Upon the nickel ions ingress into the central active site of the urease enzyme, it is noteworthy that the nickel-binding site within the urease is intricately positioned deep within the enzyme’s structure, significantly removed from the nickel-binding site of UreG. To cross this spatial barrier, a narrow tunnel is naturally formed within the UreFH/apourease complex, serving as an efficient conduit for the precise migration of nickel ions from the UreG binding site to the active site of the urease, thereby markedly accelerating the activation process of the enzyme.⁶¹ Subsequently, following the successful activation of the urease, the UreI channel protein promptly responds and opens, ensuring unimpeded and rapid permeation of urea molecules into the cellular interior.⁶²

UreI is a distinctive inner membrane protein that significantly enhances the influx efficiency of urea molecules by forming a proton-gated urea channel.⁶³ This protein possesses the ability to pre-bind with apourese, forming a membrane complex, which facilitates the efficient assembly of the apourease apoprotein on the membrane surface. Upon successful activation of the urease in the presence of nickel ions, the UreI channel promptly responds by rapidly opening its gateway, allowing urea to freely and rapidly enter the bacterial urease system. Within this system, urea is efficiently converted into ammonia and carbon dioxide, a process that occurs swiftly within the cytoplasm, effectively achieving rapid neutralization of pH levels.⁵⁰

In summary, the transport process of nickel ions is not only dependent on the involvement of individual accessory proteins but also requires intricate interactions between multiple accessory proteins.
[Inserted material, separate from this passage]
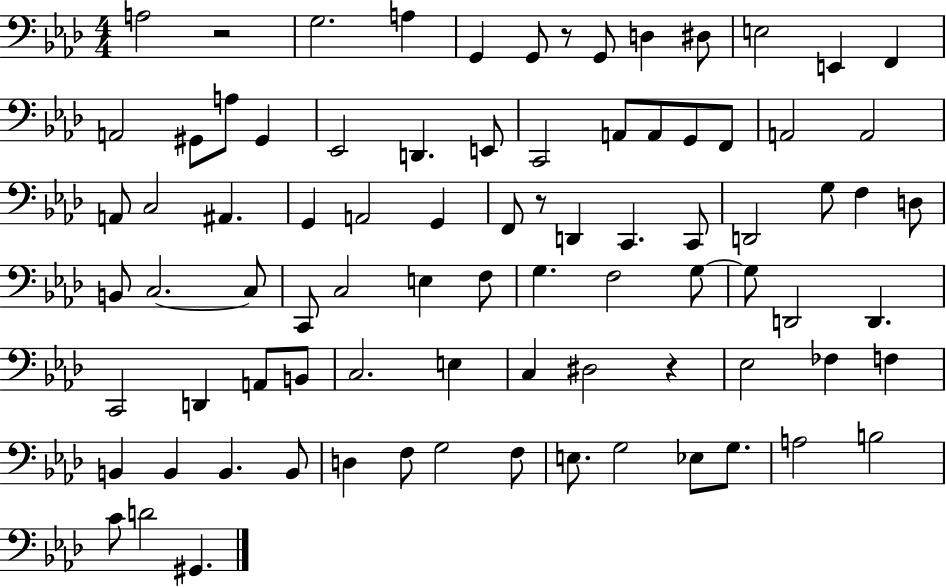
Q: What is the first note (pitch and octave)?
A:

This includes the formation of complexes such as UreGFH, UreFH, UreE2G2 and the preactivation complex. These accessory proteins are interconnected and each is essential to the overall process. Any disruption of this intricate sequence may result in failure of urease formation and activation.³⁷

Urea Hydrolysis by Activated Urease

The UreI protein is a proton-gated urea channel that closes at a neutral pH (approximately 7.0) and opens at an acidic pH (approximately 5.0). The UreI channel consists of six subunits, each containing six transmembrane helices that form a central channel with a diameter of approximately 95 Å and a height of approximately 45 Å. There is a double-layer stopper formed by ordered lipids in the centre of the channel, which jointly enhances the stability of the channel.⁶² The channel has two contraction sites, which are near the bacterial cytoplasm and periplasm. Conserved aromatic and aliphatic residues play key roles at these contraction sites. The first contraction site is composed of Leu 6, Phe 84 and Trp 149. The second contraction site is composed of Leu 13, Thr 87, Tyr 88, Leu 152 and Trp 153. These sites ensure the selective passage of urea molecules by limiting the size of the channel while preventing the entry of protons and avoiding acidification within the cell.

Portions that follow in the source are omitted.